説明

回転式噴霧機構を備えた冷房装置

【課題】 本発明は、回転しながら水をノズルから噴射することによってノズルや配管への霧の付着を防止して水滴の落下を防ぎ、併せて回転のための動力を前記ノズルからの噴霧水の反力により得る、簡易な構造で省エネに貢献するオープンスペース又は大規模スペースに適合した冷房装置の提供を課題とするものである。
【解決手段】 加圧された水を微細な霧として大気中に噴射する噴霧機構が、送水管に回動可能に接続されるロータリージョイントに固着された分水器と、分水器の側面に設けた複数の通水孔に接続される複数の噴霧水導管と、その先端に取り付けられたノズルとからなり、前記噴霧水導管が分水器との接続部付近で浅く下方に、ノズル装着部近傍でノズルの回転軌道円の接線方向、又は接線方向から外側に離れる向きに折り曲げられ、ノズルからの噴霧水の反力により回転するよう構成された回転式噴霧機構を備えた冷房装置による。

【発明の詳細な説明】
【技術分野】
【0001】
本発明は微細な霧を大気中に噴射して、屋外や半屋外のオープンスペース、あるいは工場構内等の大規模スペースを冷却する回転式噴霧機構を備えた冷房装置に関する。
【背景技術】
【0002】
屋外や半屋外のオープンスペース、あるいは工場構内等の大規模スペースを冷却する場合、柱の上や天井に配設した複数のノズルから細かな水滴を噴射し高温の空気中で蒸発する際の気化熱を利用することがある。このとき、噴霧した水滴が人や物に当たって濡らすことがないように6MPa程度まで水圧を高めて特殊なノズルにより水を微粒化して噴射し、ノズルから人や物に到達する距離の間に高温空気により完全に気化して、人や物の表面に水滴を凝縮しないようにすることが行われる。

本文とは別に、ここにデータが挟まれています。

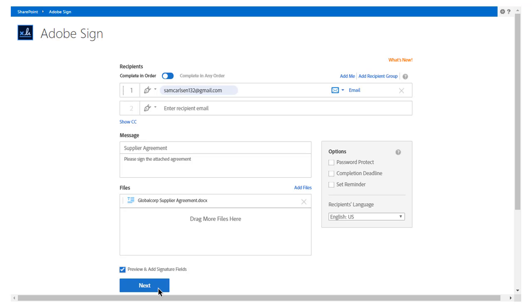Before sending the document for signature, John checks Preview and Add Fields to preview the document and add additional signature and business fields, and clicks Next.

しかし、屋外や半屋外のオープンスペースにこの噴霧装置が配設された場合には、噴霧した水が風に流され、風向きによっては想定した蒸発距離が確保できず、さらに内部を流通する冷たい噴霧水で表面が冷やされた前記ノズルや該ノズルへの噴霧水供給配管表面等に付着又は凝縮し、水滴となって冷房対象空間に落下して人や物を濡らすおそれがある。

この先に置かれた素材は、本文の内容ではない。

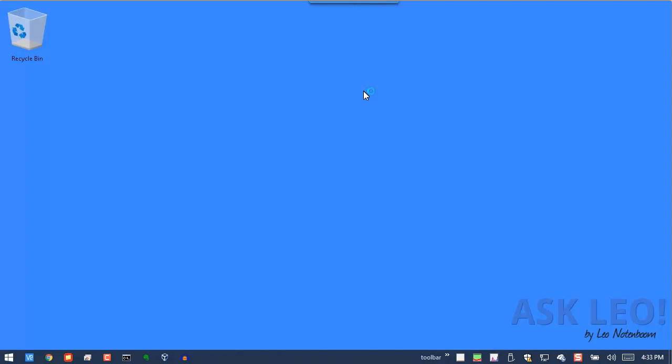And we're back. And as you can see, the icon that had been here for Glary Utilities is gone, and it's been removed.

そこでこの不具合を防ぐために、特開2006−177575号公報(特許文献1)には、
「加圧された水をミストとして噴霧して対象の空間の温度を低下する降温用噴霧システムにおいて、1つの端部に設けられたオリフィスから上記オリフィスを頂点とした錐状噴霧領域に上記加圧された水をミストとして噴霧するノズルと、上記噴霧ノズルの他の端部に接続され、上記加圧された水を上記噴霧ノズルに配水する配水管と、が備えられ、上記錐状の噴霧領域の中心線が、上記オリフィスからミストが噴霧される方向に向かって上記オリフィスを横切る水平面に対して下向きに上記噴霧領域の噴角の半分以上傾けられている、又は、上記水平面に対して上向きに上記噴霧領域の噴角の半分に角度5度を加算した値以上に傾けられたことを特徴とする降温用噴霧システム」
の発明が開示されている。
そしてこの発明は、明細書の段落[0009]〜[0010]、及び[図1]に記載されているように、ミストを噴霧する噴霧ノズルは地上から縦立された柱の先端、又は天井から吊り下げて設置された噴霧ヘッダから所定の距離離すための6本の延長配管の先端に設けられている。そして噴霧ノズルの設置高度は、ミストの平均粒径及び最大粒径に依存して定められるとしながらも「4mである」と明示されている。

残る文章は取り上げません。